Here are 5 really cool projects that are applying big data, AI, and/or machine learning to fulfill these new technology’s promise of making the world a better place for everyone.

  1. The Allegheny Family Screening Tool: Developed by the county, this predictive algorithm’s workings are public. Its criteria are described in academic publications (a benchmark private companies routinely do not meet, even under duress to explain their results) and interrogate-able by local officials, adoption lawyers, child advocates, parents and even former foster children at public meetings held in downtown Pittsburgh. Sixteen months after the Allegheny Family Screening Tool was first used, preliminary data has already shown that it is effective, including more children in need of services than before.
  2. African Orphan Crops Consortium: The consortium’s goal is to sequence, assemble, and annotate the genomes of 101 traditional African food crops, sometime referred to as “orphan crops” because they have long-been ignored in favor of western crops like corn, wheat, and rice. Crops like the African Yam Bean, the Desert Date and Ber are uniquely adapted to local climates and can increase nutrition. Solving world hunger and climate change issues will require the power of big data, and undoubtedly AI for speeding the development of genome improvements as Monsanto, Syngenta, and Carnegie Mellon University are all developing AI AgTech applications.
  3. Microsoft’s FATE: Fairness, Accountability, Transparency and Ethics in AI. The program was set up to ferret out biases that creep into AI data and can skew results. Lead by principle investigator, Kate Crawford and an (all female!) team of AI research super stars are currently working on collaborative research projects that address the need for transparency, accountability, and fairness in AI and machine learning.
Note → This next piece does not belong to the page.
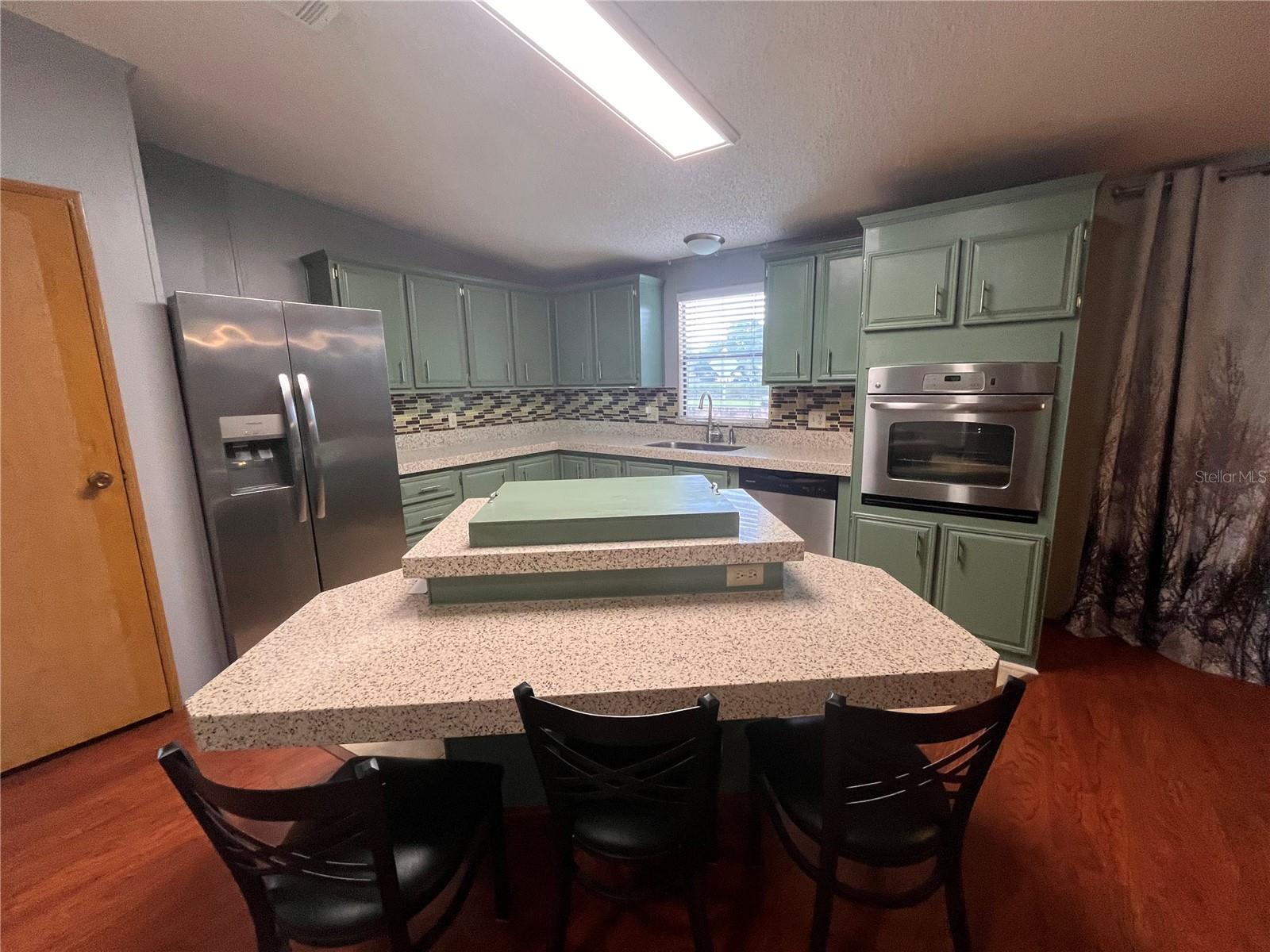 1504 HAWAIIAN PALM LN, APOPKA, FL — photo 11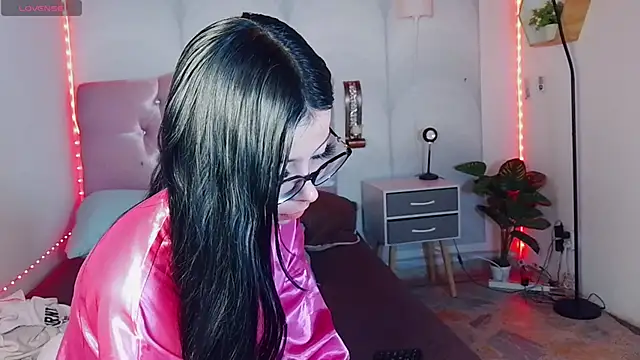 madison oli online show from 18, 3, 2025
  4. IBM’s Science for Social Good: IBM announced 12 projects planned for 2017. Each Science for Social Good project aligns with one or more of the 17 Sustainable Development Goals, the United Nations’ blueprint to address some of the globe’s biggest inequalities and threats by the year 2030. Poverty, hunger and illiteracy are all targets of these initiatives.
  5. Data 4 Black Lives: Often times policy makers have no data to back racial justice initiatives, because the data simply do not exist. No one has collected or analyzed it. Data 4 Black Lives aims to connect data scientists and activists in order to apply data science tools like artificial intelligence and machine learning, to bring meaning and solutions to impact black people’s lives.

There are so many cool AI projects (for example PAWS a Wildlife Conservation AI that use machine learning to predict where poachers may strike) that I have not included here, in the interest of brevity and limiting this article in scope. Tell me your favorite AI project in the comments!